Our school district will continue facing many challenges in the coming years - recovering from the pandemic, addressing declining enrollments and teacher/staff shortages, dealing with inadequate special education funding and attacks from the Republican controlled legislature, among others. Change, new ideas, new energy - these can be good things (and at a minimum there will be two new faces on the board). But especially now we need Shannon’s experience and expertise that spans from the local to national levels. There is no one currently on the board or among any of the candidates who come close to offering what she brings to the table. And that experience also comes in handy for mentoring new and less experienced board members, something I was fortunate enough to experience first hand.
Nor has Shannon lost any of her enthusiasm for the work. She still has the same energy and ability to sense the possibilities that I saw in her 12+ years ago. She’s still willing to serve. We should accept her offer.

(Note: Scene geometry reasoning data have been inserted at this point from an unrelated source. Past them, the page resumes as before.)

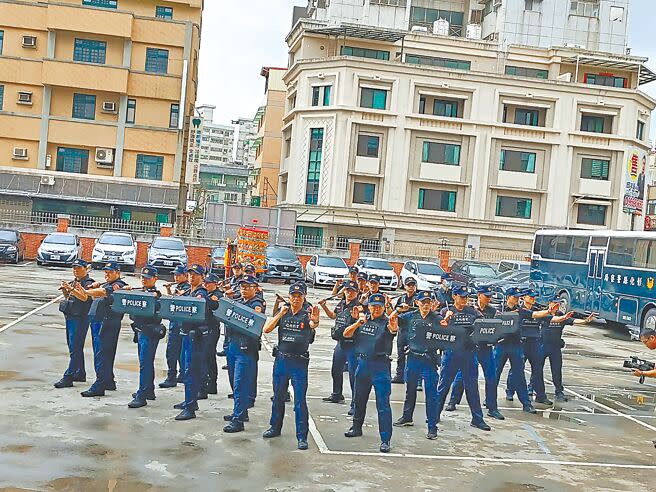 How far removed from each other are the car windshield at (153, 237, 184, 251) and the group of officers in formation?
22.8m

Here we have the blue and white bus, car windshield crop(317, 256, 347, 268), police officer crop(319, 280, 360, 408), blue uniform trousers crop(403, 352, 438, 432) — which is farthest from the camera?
car windshield crop(317, 256, 347, 268)

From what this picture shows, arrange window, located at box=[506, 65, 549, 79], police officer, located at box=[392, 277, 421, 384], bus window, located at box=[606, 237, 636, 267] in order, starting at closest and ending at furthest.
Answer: police officer, located at box=[392, 277, 421, 384]
bus window, located at box=[606, 237, 636, 267]
window, located at box=[506, 65, 549, 79]

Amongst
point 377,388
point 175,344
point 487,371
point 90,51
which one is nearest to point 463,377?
point 487,371

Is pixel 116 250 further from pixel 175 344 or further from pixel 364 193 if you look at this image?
pixel 175 344

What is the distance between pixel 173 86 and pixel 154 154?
13.7 ft

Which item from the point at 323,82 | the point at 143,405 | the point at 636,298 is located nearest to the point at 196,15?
the point at 323,82

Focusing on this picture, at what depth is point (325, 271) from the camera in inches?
1458

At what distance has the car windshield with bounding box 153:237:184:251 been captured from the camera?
35656 millimetres

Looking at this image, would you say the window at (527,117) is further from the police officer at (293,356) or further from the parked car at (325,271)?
the police officer at (293,356)

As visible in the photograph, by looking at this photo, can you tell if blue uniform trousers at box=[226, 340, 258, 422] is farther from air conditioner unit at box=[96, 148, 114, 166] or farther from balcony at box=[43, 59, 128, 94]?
balcony at box=[43, 59, 128, 94]

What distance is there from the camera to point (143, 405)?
1106 centimetres

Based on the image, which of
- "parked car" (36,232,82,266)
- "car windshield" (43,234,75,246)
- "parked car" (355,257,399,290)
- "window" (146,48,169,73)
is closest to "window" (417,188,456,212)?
"parked car" (355,257,399,290)

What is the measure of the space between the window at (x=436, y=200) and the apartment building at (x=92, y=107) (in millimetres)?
15042

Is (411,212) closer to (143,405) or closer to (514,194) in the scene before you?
(514,194) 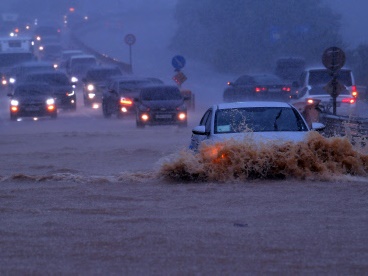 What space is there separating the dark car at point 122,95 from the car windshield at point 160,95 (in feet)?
10.2

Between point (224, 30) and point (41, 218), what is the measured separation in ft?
232

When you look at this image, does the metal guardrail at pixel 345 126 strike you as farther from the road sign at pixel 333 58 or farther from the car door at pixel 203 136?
the car door at pixel 203 136

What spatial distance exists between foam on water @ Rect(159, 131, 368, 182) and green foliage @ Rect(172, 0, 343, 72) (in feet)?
171

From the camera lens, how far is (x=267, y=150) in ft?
41.2

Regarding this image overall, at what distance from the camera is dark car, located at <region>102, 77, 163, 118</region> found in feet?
120

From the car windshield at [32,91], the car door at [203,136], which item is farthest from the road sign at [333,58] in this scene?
the car windshield at [32,91]

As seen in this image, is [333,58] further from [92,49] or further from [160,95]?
[92,49]

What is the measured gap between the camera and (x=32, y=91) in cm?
3738

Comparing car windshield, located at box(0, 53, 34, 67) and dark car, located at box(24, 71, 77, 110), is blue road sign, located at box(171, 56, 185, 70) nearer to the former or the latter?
dark car, located at box(24, 71, 77, 110)

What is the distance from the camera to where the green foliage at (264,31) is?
69938mm

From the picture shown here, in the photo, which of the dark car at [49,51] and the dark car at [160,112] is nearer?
the dark car at [160,112]

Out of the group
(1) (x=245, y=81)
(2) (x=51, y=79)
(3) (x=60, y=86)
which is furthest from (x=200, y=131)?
(2) (x=51, y=79)

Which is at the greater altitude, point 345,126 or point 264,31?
point 264,31

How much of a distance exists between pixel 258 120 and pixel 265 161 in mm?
1752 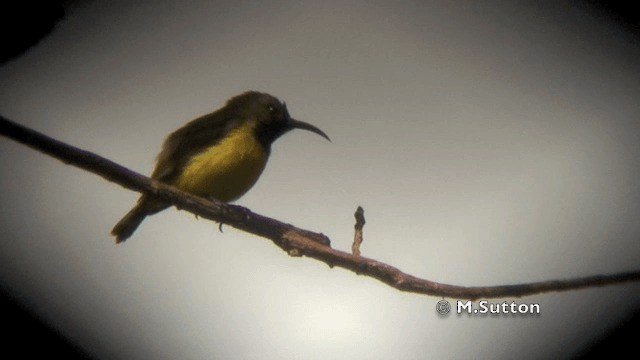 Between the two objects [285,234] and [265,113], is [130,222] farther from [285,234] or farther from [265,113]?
[285,234]

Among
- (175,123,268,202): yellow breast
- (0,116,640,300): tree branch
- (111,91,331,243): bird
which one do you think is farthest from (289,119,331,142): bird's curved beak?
→ (0,116,640,300): tree branch

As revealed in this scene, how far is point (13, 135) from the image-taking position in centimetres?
207

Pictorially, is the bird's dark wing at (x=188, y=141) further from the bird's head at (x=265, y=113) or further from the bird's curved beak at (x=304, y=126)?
the bird's curved beak at (x=304, y=126)

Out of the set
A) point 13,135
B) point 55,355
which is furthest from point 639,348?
point 13,135

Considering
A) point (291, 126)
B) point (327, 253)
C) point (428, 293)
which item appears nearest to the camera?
point (428, 293)

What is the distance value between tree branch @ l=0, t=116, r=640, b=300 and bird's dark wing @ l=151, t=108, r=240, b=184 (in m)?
1.17

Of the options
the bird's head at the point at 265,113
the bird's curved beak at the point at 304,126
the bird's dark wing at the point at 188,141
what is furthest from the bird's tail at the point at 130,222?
the bird's curved beak at the point at 304,126

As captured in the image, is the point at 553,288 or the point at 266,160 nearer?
the point at 553,288

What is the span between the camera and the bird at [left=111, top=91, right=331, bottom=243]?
381cm

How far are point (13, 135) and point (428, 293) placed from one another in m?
1.72

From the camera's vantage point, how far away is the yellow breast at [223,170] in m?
3.80

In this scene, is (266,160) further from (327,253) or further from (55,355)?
(55,355)

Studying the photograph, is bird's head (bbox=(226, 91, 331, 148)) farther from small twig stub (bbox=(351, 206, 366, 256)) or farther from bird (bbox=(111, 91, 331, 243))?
small twig stub (bbox=(351, 206, 366, 256))

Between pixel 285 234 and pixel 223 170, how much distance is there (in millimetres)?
1252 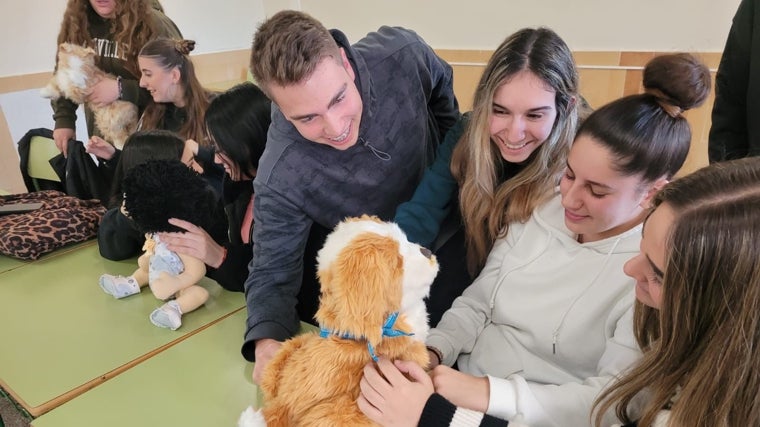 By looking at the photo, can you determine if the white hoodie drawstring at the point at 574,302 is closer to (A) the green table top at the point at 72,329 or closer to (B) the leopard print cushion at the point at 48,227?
(A) the green table top at the point at 72,329

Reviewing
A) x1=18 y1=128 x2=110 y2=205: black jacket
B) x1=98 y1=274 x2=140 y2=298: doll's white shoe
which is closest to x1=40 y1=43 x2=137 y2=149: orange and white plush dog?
x1=18 y1=128 x2=110 y2=205: black jacket

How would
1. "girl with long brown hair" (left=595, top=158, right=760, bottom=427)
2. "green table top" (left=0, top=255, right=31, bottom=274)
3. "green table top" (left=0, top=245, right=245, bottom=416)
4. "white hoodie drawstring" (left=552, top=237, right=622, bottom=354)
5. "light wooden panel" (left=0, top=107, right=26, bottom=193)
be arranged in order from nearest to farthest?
"girl with long brown hair" (left=595, top=158, right=760, bottom=427) → "white hoodie drawstring" (left=552, top=237, right=622, bottom=354) → "green table top" (left=0, top=245, right=245, bottom=416) → "green table top" (left=0, top=255, right=31, bottom=274) → "light wooden panel" (left=0, top=107, right=26, bottom=193)

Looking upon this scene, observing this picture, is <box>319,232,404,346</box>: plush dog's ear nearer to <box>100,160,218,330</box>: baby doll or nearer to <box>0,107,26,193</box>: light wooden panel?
<box>100,160,218,330</box>: baby doll

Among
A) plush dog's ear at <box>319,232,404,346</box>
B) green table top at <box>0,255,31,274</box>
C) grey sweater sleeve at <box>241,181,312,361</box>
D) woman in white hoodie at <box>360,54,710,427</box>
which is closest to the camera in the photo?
plush dog's ear at <box>319,232,404,346</box>

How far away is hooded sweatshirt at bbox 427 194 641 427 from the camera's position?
86cm

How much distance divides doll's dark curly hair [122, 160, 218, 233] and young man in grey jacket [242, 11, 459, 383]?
0.17 m

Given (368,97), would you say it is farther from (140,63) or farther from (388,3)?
(388,3)

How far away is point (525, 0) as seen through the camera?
2627 millimetres

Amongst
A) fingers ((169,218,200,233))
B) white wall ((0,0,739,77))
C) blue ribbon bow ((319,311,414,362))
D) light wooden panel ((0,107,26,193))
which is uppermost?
white wall ((0,0,739,77))

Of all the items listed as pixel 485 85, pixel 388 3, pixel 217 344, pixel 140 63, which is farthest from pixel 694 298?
pixel 388 3

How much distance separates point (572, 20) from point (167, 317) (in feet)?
7.74

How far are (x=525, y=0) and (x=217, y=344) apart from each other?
7.82ft

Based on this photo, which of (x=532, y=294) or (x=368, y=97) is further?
(x=368, y=97)

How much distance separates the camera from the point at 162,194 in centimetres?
121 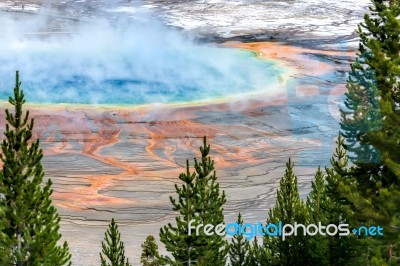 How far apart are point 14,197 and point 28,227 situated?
72cm

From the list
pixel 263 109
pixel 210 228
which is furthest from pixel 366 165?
pixel 263 109

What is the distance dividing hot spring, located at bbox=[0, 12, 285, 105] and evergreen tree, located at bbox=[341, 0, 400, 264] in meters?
25.7

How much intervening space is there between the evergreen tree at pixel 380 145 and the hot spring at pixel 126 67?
25661 mm

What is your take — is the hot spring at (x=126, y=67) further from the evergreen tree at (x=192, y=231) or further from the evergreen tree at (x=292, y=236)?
the evergreen tree at (x=192, y=231)

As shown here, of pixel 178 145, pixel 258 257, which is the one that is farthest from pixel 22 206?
pixel 178 145

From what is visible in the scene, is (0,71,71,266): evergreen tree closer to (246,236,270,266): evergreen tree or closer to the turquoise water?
(246,236,270,266): evergreen tree

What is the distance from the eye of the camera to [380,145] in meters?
13.1

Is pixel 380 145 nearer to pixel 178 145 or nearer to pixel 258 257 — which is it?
pixel 258 257

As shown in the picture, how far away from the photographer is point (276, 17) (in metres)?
58.9

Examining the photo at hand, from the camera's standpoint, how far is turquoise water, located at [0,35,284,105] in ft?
142

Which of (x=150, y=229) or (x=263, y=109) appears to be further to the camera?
(x=263, y=109)

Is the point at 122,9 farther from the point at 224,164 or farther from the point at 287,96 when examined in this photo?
the point at 224,164

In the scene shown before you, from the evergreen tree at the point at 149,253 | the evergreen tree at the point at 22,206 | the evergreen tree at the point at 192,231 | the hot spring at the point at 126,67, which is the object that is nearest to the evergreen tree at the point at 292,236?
the evergreen tree at the point at 192,231

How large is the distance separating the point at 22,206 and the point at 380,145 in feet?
24.5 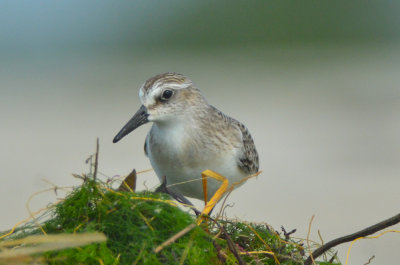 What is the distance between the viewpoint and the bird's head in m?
4.40

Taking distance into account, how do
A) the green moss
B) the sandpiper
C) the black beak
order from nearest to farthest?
the green moss → the black beak → the sandpiper

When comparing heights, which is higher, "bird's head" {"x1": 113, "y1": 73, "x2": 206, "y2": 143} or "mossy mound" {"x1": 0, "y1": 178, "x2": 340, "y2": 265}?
"bird's head" {"x1": 113, "y1": 73, "x2": 206, "y2": 143}

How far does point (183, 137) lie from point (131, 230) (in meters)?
2.35

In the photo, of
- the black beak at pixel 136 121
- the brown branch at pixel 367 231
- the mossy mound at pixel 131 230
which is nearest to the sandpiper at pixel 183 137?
the black beak at pixel 136 121

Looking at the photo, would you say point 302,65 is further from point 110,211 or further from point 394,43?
point 110,211

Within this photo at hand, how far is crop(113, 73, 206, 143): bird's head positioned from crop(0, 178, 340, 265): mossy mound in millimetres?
1796

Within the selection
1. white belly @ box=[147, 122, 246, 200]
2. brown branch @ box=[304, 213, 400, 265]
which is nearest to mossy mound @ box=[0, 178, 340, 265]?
brown branch @ box=[304, 213, 400, 265]

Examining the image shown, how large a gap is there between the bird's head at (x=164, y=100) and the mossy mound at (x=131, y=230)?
5.89 ft

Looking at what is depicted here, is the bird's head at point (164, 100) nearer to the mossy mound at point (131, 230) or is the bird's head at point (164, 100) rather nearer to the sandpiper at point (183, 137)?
the sandpiper at point (183, 137)

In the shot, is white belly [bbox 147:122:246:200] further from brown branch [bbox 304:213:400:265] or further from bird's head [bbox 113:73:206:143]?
brown branch [bbox 304:213:400:265]

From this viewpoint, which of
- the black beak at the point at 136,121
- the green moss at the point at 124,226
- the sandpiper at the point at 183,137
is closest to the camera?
the green moss at the point at 124,226

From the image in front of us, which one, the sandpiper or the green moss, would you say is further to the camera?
the sandpiper

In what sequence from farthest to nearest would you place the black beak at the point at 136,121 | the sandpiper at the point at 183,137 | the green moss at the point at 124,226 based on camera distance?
the sandpiper at the point at 183,137
the black beak at the point at 136,121
the green moss at the point at 124,226

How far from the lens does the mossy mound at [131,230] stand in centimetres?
226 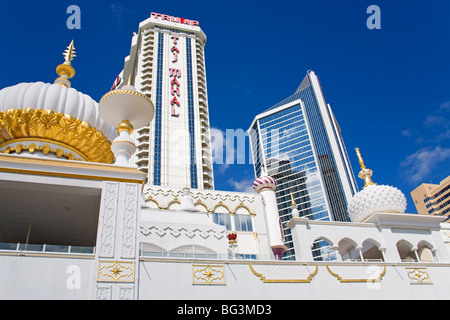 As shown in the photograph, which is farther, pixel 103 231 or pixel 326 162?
pixel 326 162

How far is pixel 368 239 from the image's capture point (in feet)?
61.3

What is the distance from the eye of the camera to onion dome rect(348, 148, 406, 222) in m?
19.8

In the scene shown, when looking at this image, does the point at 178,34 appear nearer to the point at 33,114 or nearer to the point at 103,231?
the point at 33,114

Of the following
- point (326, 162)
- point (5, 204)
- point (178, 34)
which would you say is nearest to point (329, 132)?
point (326, 162)

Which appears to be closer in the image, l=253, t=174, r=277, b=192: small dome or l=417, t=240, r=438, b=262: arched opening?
l=417, t=240, r=438, b=262: arched opening

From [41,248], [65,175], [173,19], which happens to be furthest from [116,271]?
[173,19]

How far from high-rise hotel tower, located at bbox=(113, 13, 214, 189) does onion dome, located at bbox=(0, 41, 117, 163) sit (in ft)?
140

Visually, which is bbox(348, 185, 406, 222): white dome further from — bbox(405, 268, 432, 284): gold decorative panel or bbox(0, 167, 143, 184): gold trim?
bbox(0, 167, 143, 184): gold trim

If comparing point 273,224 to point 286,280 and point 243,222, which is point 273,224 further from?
point 286,280

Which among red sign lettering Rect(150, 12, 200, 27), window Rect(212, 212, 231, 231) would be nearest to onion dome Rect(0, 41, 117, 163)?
window Rect(212, 212, 231, 231)

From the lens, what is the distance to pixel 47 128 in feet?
58.5

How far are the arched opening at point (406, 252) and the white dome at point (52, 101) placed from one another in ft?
55.3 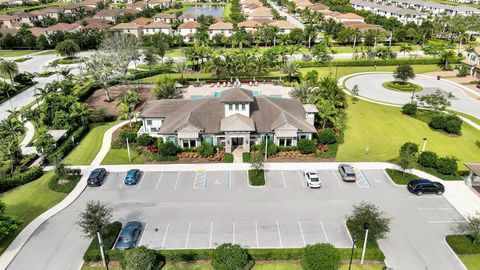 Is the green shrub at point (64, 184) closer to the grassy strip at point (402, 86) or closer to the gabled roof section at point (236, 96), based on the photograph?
the gabled roof section at point (236, 96)

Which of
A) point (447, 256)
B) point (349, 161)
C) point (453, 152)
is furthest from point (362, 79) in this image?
point (447, 256)

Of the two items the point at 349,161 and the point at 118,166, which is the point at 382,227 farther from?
the point at 118,166

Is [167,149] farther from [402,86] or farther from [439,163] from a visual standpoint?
[402,86]

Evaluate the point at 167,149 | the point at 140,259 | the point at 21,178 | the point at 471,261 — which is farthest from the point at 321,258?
the point at 21,178

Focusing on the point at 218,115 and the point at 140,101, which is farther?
the point at 140,101

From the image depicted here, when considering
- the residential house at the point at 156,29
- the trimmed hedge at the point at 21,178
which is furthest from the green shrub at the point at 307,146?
the residential house at the point at 156,29

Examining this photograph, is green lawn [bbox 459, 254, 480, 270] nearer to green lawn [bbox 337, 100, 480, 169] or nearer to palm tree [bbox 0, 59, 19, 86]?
green lawn [bbox 337, 100, 480, 169] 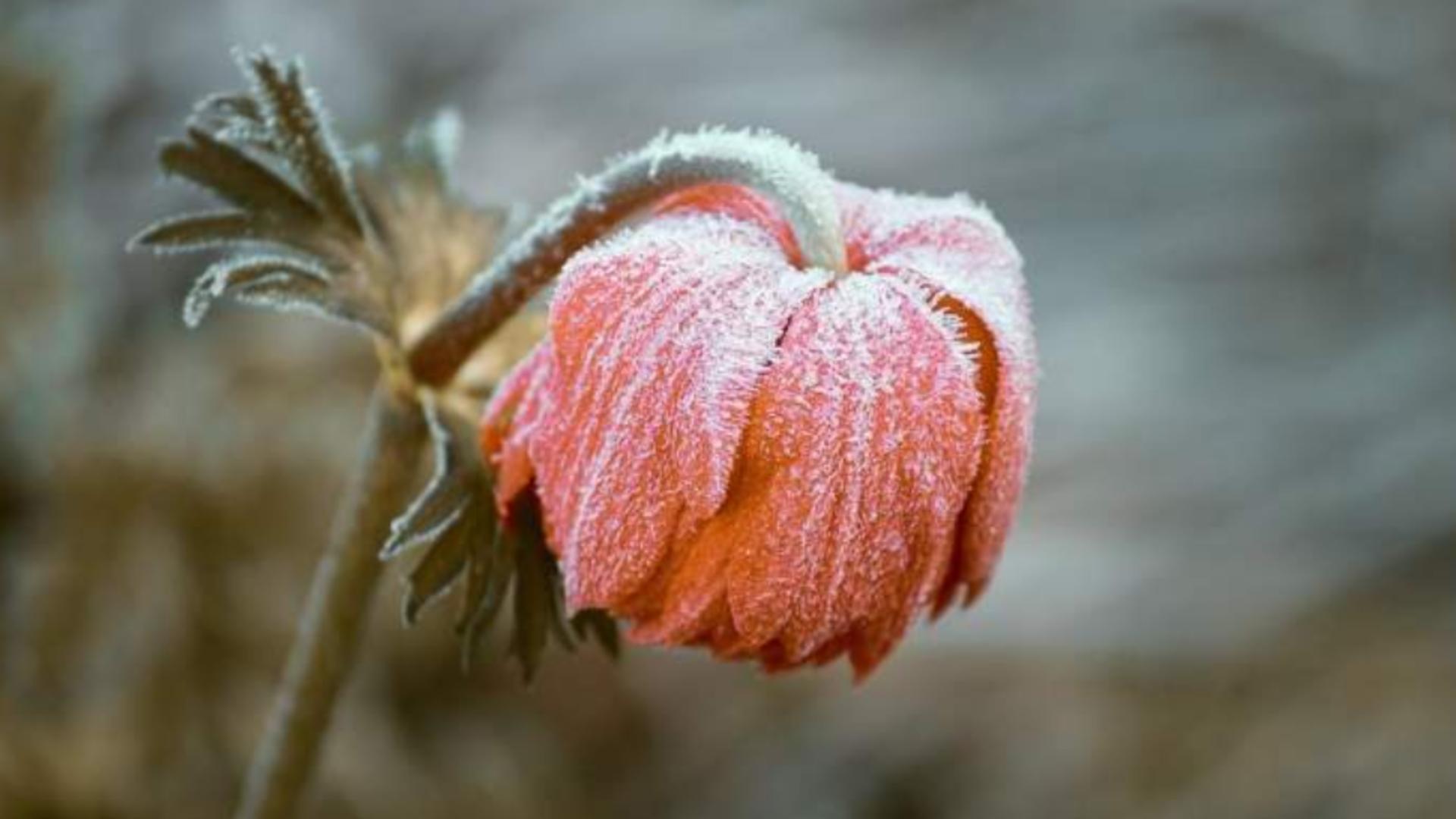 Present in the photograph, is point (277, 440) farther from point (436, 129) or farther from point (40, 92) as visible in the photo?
point (436, 129)

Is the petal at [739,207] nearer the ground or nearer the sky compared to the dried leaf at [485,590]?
nearer the sky

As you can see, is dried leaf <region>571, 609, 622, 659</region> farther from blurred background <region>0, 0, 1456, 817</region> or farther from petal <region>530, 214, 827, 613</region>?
blurred background <region>0, 0, 1456, 817</region>

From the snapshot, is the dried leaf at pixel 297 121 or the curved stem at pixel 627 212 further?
the dried leaf at pixel 297 121

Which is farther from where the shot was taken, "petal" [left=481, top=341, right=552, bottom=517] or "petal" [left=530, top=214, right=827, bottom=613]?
"petal" [left=481, top=341, right=552, bottom=517]

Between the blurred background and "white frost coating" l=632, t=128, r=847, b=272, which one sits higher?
"white frost coating" l=632, t=128, r=847, b=272

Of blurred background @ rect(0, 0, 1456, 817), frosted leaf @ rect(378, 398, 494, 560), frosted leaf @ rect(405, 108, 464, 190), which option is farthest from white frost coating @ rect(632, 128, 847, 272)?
blurred background @ rect(0, 0, 1456, 817)

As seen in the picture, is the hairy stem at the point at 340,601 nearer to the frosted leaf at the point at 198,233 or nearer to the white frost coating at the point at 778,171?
the frosted leaf at the point at 198,233

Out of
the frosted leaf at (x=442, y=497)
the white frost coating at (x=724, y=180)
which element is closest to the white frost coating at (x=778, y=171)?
the white frost coating at (x=724, y=180)

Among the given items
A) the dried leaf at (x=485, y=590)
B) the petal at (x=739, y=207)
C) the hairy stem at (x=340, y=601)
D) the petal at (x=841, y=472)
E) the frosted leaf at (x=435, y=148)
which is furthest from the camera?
the frosted leaf at (x=435, y=148) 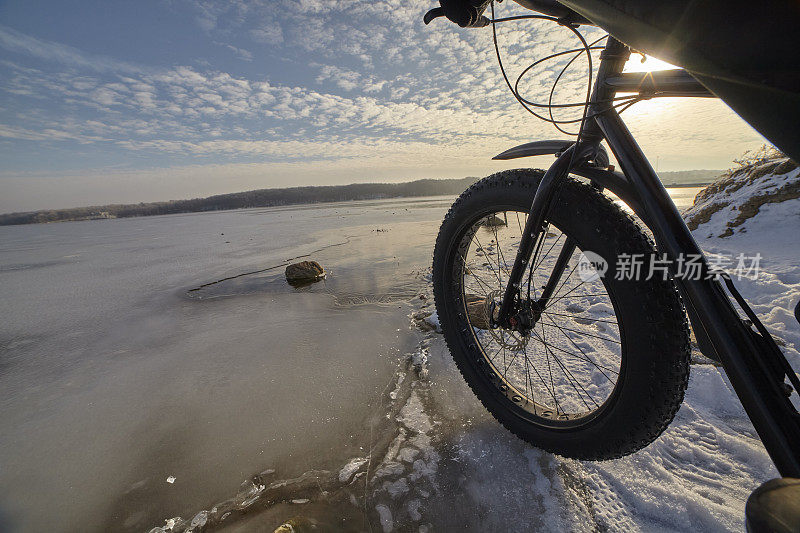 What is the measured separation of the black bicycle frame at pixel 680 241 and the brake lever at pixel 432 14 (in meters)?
0.72

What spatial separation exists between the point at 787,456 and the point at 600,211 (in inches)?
32.9

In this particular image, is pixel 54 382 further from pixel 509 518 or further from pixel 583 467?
pixel 583 467

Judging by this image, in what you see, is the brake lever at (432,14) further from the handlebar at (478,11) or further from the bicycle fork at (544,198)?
the bicycle fork at (544,198)

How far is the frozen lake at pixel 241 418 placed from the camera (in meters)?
1.33

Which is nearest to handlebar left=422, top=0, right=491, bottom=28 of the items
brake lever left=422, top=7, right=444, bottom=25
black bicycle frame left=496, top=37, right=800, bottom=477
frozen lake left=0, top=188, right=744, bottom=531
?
brake lever left=422, top=7, right=444, bottom=25

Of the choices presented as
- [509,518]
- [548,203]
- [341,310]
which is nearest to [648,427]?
[509,518]

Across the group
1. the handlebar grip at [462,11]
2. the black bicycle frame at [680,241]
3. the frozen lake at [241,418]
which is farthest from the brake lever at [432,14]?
the frozen lake at [241,418]

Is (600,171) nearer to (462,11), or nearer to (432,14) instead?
(462,11)

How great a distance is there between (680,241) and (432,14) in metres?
1.38

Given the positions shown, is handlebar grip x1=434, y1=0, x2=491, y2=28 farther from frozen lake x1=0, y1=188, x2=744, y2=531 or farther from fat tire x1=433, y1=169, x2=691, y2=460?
frozen lake x1=0, y1=188, x2=744, y2=531

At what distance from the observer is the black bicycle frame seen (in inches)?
32.7

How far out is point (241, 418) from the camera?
189cm

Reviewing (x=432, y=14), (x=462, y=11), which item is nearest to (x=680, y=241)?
(x=462, y=11)

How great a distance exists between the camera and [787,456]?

With respect, I have failed to hear an explanation for "We seem to have limited options available", because the administration & board offered no options to consider and in fact HID THE REAL CONSEQUENCES OF CLOSINGS. Never heard of boundary changes? Now that's real work accept when dumping on less influential families? I accept that solutions might leave schools somewhat less resourced, but as you said - "Neighborhood schools offer significant benefits". The accounting is especially suspect if the administration contorts itself to "keep the buildings operating". Shannon Kimball supported spending millions on Pinckney before supporting repurposing to some undetermined, definitionally inappropriate new use for a just-upgraded neighborhood school facility. I also accept the fact that there might be adverse funding impacts to the most privileged schools in town but discount that for the advantage of not being overcrowded. A few specials teachers might travel between schools, but that beats forcing families with the least resources hauling their kids to someone else's crowded "factory model", over-populated schools. Their new principle most likely won't know their name and family and spends the majority of their time "at the District Office". I would apply some real "factory style" analysis and justify EVERY 497 position by starting with an applicable question - "Do you touch the product?", as in student-contact hours. This is what real classroom teachers and para's are asking. Maybe what our admirably hard-working, state and nationally-connected Shannon Kimball lacks is common sense and local classroom awareness that Ariel Minor can provide.